The two are then transferred into a paneled van and a long trip across country begins. Since the van is closed, they have no idea which way they are headed or why. Why have they been kidnapped?
It turns out that the young woman is an FBI agent with connections to some very high level people in the government. She was the target of the kidnapping. Jack Reacher was just in the wrong place at the wrong time.
The trip continues for days with the group stopping at night at abandoned farms. Reacher and Holly Johnson, the FBI agent, are handcuffed and locked in the barns at night. At one of the stops one night, one of the kidnappers decides to rape Holly. She fights back and Reacher manages to pull his chain out of the wall and attacks and kills the would-be rapist. He breaks out of the barn, hides the body in a ditch, and in the morning the trip continues after the other two kidnappers are unable to find their companion.
They are headed west and eventually they arrive at their destination, a desolate corner of Montana. This corner of Montana, it develops, is owned by the Montana Militia, an extremely violent, racist, secessionist, conspiracy theory-adhering group led by a cruel sociopath, that is intent on declaring independence from the United States and setting up their own state for white people only. These are the people in whose clutches Holly and Reacher find themselves. Their future does not look promising.
I read Die Trying while the United States was suffering through a government shutdown engineered by delusional right-wing bomb-throwers. It was stunning how statements by many of those modern-day bomb-throwers sounded as if they had come from the mouths of Child's fictional Militia members from the 1990s. They might have learned their lines from this book: There is a worldwide conspiracy to make the U.N. a world government and the president is part of that conspiracy.
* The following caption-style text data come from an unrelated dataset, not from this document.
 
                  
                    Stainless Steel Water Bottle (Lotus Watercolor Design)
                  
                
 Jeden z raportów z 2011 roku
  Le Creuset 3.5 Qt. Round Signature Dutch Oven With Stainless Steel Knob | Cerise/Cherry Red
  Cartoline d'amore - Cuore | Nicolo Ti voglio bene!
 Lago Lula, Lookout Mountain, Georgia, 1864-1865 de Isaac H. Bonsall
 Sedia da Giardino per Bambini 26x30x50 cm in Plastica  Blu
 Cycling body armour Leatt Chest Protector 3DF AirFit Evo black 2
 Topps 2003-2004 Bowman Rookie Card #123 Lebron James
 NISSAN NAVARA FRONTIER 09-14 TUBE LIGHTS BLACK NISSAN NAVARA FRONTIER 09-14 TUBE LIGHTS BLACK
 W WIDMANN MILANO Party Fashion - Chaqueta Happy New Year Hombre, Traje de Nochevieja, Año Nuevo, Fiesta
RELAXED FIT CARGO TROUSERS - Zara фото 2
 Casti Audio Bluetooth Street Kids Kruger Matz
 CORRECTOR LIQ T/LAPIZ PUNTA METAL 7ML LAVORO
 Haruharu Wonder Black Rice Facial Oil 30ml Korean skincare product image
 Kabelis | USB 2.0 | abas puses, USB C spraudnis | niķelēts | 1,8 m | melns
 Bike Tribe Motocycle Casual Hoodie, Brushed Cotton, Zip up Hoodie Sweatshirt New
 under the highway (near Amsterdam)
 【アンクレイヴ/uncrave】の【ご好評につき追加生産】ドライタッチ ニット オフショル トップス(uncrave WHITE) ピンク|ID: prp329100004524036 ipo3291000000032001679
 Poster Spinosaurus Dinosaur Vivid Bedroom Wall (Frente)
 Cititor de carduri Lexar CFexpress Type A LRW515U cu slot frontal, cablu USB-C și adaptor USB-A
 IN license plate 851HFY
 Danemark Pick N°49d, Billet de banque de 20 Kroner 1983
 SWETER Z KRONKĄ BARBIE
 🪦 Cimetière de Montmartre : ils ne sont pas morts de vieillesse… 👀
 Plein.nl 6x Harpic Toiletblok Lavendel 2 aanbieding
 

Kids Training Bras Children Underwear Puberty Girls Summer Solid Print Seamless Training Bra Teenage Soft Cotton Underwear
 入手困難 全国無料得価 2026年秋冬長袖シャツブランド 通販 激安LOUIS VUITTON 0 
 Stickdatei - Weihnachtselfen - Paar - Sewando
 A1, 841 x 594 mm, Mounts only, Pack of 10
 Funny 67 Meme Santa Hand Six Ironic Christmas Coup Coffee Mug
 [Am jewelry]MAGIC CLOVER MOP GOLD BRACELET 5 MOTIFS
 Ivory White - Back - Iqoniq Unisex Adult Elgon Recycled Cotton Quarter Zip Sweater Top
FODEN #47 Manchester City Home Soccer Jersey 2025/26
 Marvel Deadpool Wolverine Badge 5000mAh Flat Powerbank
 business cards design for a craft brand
The black helicopters are coming to take people's guns and their liberties - of course, these people always equate guns with liberties. White people are being downtrodden and their rights abridged by the darker races. It is all a lot of utter nonsense, but there are elected representatives in this country who spout these lines with utter conviction and straight faces.
Child's portrayal of the militiamen actually seemed quite realistic to me and his writing about the FBI's structure and operations was interesting. His Jack Reacher continues to be blessed with the powers of a superhero. You feel that if he really wanted to he would be able to leap tall buildings - or mountains - in a single bound, but he meets his match here in Holly Johnson, who is every bit as capable of killing bare-handed or with weapons that she has fashioned out of the materials at hand as is Reacher. Together, even with Holly injured and using a crutch, they are a formidable team.
One can be assured that in these thrillers the bad guys are always going to be punished and there is a degree of guilty satisfaction in that. But the stories also require that a lot of innocent people are punished, too, often in quite cruel ways that are difficult to read about. That cruelty, of course, is what makes the punishment of the bad guys acceptable.
Another thing one can be sure of is that there will be non-stop action from the first page to the last. Reading these books is a bit of a roller coaster ride, sometimes heart-stopping, always entertaining.
View all my reviews
Die Trying is the second in Lee Child's blood-spattered thriller series featuring his superman Jack Reacher. In this entry in the series a lot of the bloodletting is done by the bad guys rather than by Reacher. And they are very bad guys indeed.
Reacher becomes involved in this adventure while innocently walking down a street in Chicago. He encounters a young woman coming out of a dry cleaner's shop with several outfits in one of her arms and an aluminum crutch in the other arm. She is struggling to manage the door, the crutch, and the clothes and drops the crutch. Reacher stops to help and as he returns her crutch to her, the two find themselves confronted by two armed men. By the curb is a car with a third man as driver. They are forced into the car by the men, the victims of a broad daylight kidnapping.
The two are then transferred into a paneled van and a long trip across country begins. Since the van is closed, they have no idea which way they are headed or why. Why have they been kidnapped?
It turns out that the young woman is an FBI agent with connections to some very high level people in the government. She was the target of the kidnapping. Jack Reacher was just in the wrong place at the wrong time.
The trip continues for days with the group stopping at night at abandoned farms. Reacher and Holly Johnson, the FBI agent, are handcuffed and locked in the barns at night. At one of the stops one night, one of the kidnappers decides to rape Holly. She fights back and Reacher manages to pull his chain out of the wall and attacks and kills the would-be rapist. He breaks out of the barn, hides the body in a ditch, and in the morning the trip continues after the other two kidnappers are unable to find their companion.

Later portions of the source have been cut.